Protesters angry at proposed pension and welfare reforms attacked police close to the National Congress this afternoon, the second protest in a week to turn violent.
Activists lobbed stones, bottles and firecrackers at police as large crowds demonstrated against pension reforms proposed by the government of President Mauricio Macri.
The crowd tried to rip down metal barriers that police had erected to prevent them getting too close to the square beside congress, after similar protests last week descended into violence.
The massed ranks of police officers remained behind their shields without advancing on the demonstrators. Last week, they used water cannon, tear gas and rubber bullets against rock-throwing protesters who burned barricades made of trash near Congress.

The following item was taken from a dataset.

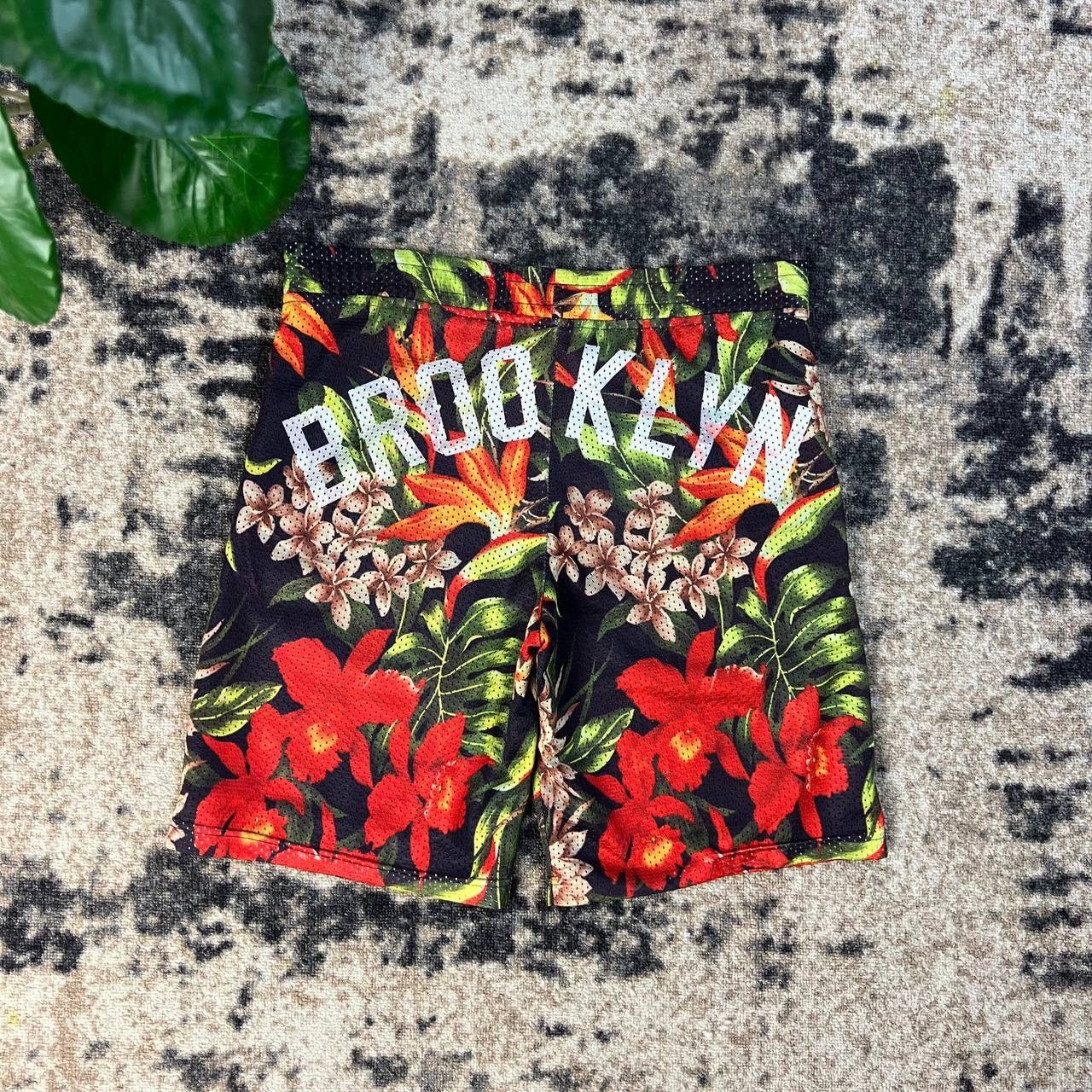 Brooklyn Clothing Brooklyn Vintage Allover Print Floral Shorts Streetwear Size US 32 / EU 48 - 1 Thumbnail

The three main trade unions and the opposition had called for a general strike and protests on Monday in the capital to resist the passage of the pension reform bill.
It was the second time the administration has tried to push through the bill. Last Thursday's session had to be cut short as clashes outside escalated, leaving a number of demonstrators injured or under arrest.
A judge then issued a ban on police using firearms against protesters and also forbade undercover police officers from infiltrating the marchers.
Tens of thousands of protesters carrying giant placards and flags tried to converge on the Congress building, occupying 10 blocks of Avenida de Mayo, the street that links Congress to the president's offices at the Casa Rosada.
Macri has been trying to change pension pay-outs in order to lower the country's deficit, which is estimated at five percent of GDP. His aim is to create 2018 savings of 100 billion pesos (US$5.6 billion), equivalent to around a fifth of the deficit.
Unions and the opposition are against imposing the cuts on the poorest sectors of society.
"The bonus payment is a joke," said Juan Carlos Schmid, a leader of the CGT. The measure "is illegitimate and will cause a waterfall of lawsuits against it."
"We have no-one to defend us," said 70-year-old Cristina Sanmero, who found herself caught in the clashes.
"At my age, I have to come here and defend my contributions of 30 years. We're governed by inept people who think that it's easier to take away from the old."